= All-Star Wrestling (role-playing game) =

1991 role-playing game

All-Star Wrestling is a role-playing game published by Afterthought Images in 1991.

==Contents==
All-Star Wrestling is a role-playing game where players take on the roles of professional wrestlers. The rules, written and illustrated by Paul Schulze, are published as a 96-page perfect-bound softcover book

==Gameplay==
===Character creation===
Players create their wrestling character by apportioning points to Power, Agility, Quickness, Technical Ability and Endurance. These then determine secondary attributes, including Damage Bonus, Recovery, Attack Value and Defense Value. All of these values determine how many actions can be performed in one round. The player then generates their wrestler's background, which may generate more creation points that can then supplement basic attributes. Players can also generate more creation points by applying drawbacks to their wrestler such as "Old Injury". The player then purchases wrestling skills such as various strikes and holds, submission holds, finishing strikes, illegal maneuvers, breaking holds, and the ability to distract the ref.

===Combat===
Players determine which wrestler moves first. The acting wrestler chooses an action (strike, hold, escape from a hold, moment of rest and recovery, etc.) If attacking, the wrestler adds his attack value to his skill level for the desired maneuver, then subtracts the opponent's defense value.

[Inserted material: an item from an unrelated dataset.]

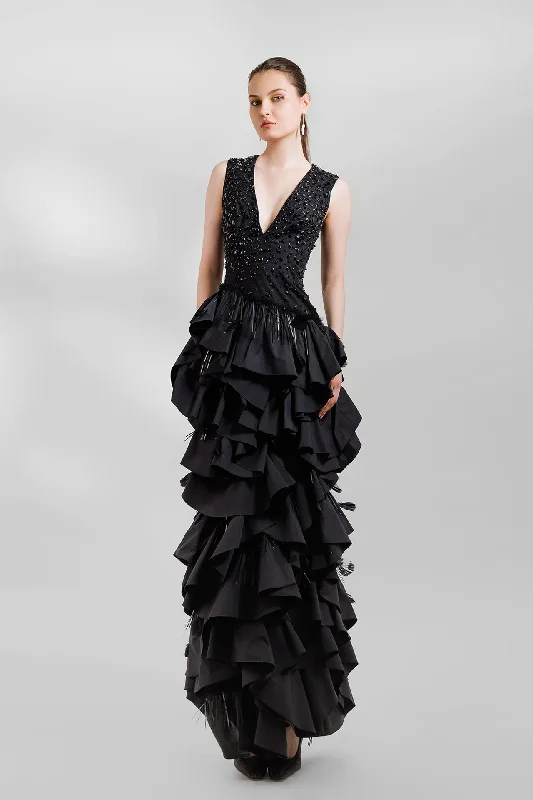 Sleeveless beaded gown with taffeta layers Sleeveless unclassified dresses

The active wrestler must then roll equal to or lower than the resulting value on a twenty-sided die. If successful, damage is determined by a number of six-sided dice. Damage is first subtractred from a wrestler's Body rating, then Body points and Endurance. Once Body Points or Endurance reach zero, the wrestler becomes easier to pin or force into submission.

==Reception==
In the August 1994 edition of Dragon (Issue #208), Lester Smith found little to fault, saying "the writing is clean, with an open, engaging style, and so are the illustrations." Smith's only complaint was that "the game focuses so much on the wrestlers themselves that it pretty much ignores the reaction of the crowds." He concluded by giving the game an above average rating of 5 out of 6, saying that All-Star Wrestling was "an admirable product."